• Saudi Basic Industries Corporation net profits for the first half were SR10.1bn ($2.7bn), 21.6 per cent down on H1 2014
  • Second quarter net profits recovered from a disastrous first quarter to reach SR6.2bn
  • Sabic plans to invest in US shale gas, in joint venture with a local firm

Saudi Arabia’s leading petrochemicals producer Saudi Basic Industries Corporation (Sabic) has announced a 21.6 per cent fall in net profits over the first half of 2015 to SR10.1bn ($2.7bn), compared to the first half of 2014.
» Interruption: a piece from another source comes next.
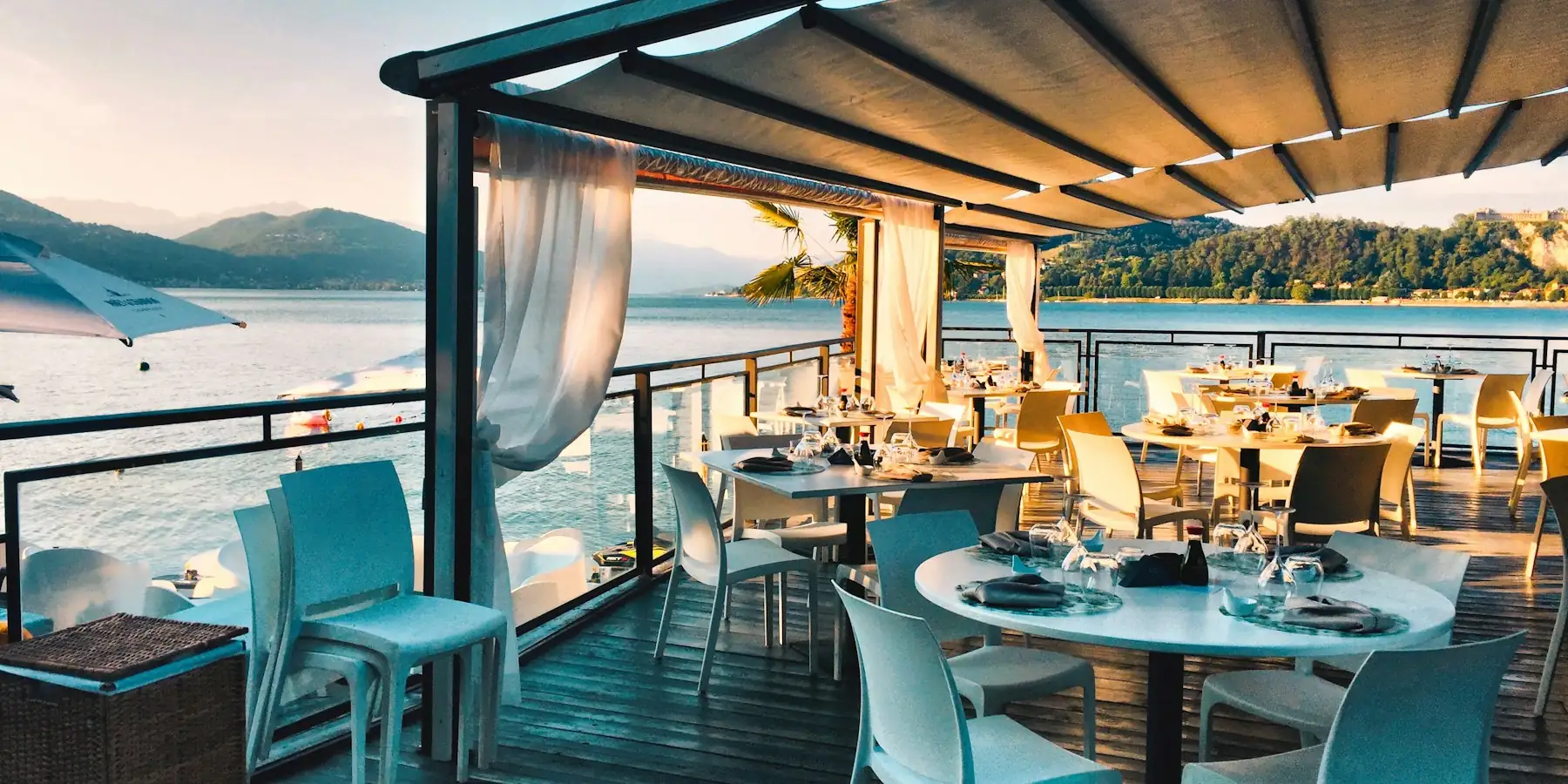 Terrasse de restaurant face à la mer, équipée de tables et de chaises professionnelles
The second quarter net profits only decreased by 4.5 per cent to SR6.2bn, compared to the same period last year.

This was a marked improvement on Q1 when net profits plummeted by 39 per cent to SR3.93bn compared to the first quarter of 2014 due to lower oil prices.

The lower profits were due to a fall in the sale price of products, although prices recovered by 20 per cent in the second quarter, acting CEO of Sabic Yousef Abdullah al-Benyan told a press conference in Riyadh.

Sabic increased its second quarter production by 2 per cent due to higher demand, and reduced its operating costs.

Sabic is planning to expand its investment in US shale gas projects through joint ventures, according to local press reports. Al-Benyan announced that Sabic had signed an agreement with Houston-based Enterprise Products Partners, which would allow it access to feedstock for its international projects. Sabic’s crackers in the UK have been converted to use shale gas as feedstock.

Within the kingdom, Sabic is yet to publicise its decision on a planned $500m – $800m acrylonitrile plant in Jubail, in joint venture with Technology Partners Japan’s Mitsubishi and Asahi Kasei. Revised financial bids for the 200,000 tonne-a-year (t/y) acrylonitrile plant alongside a 40,000 t/y sodium cyanide facility have been under evaluation since January.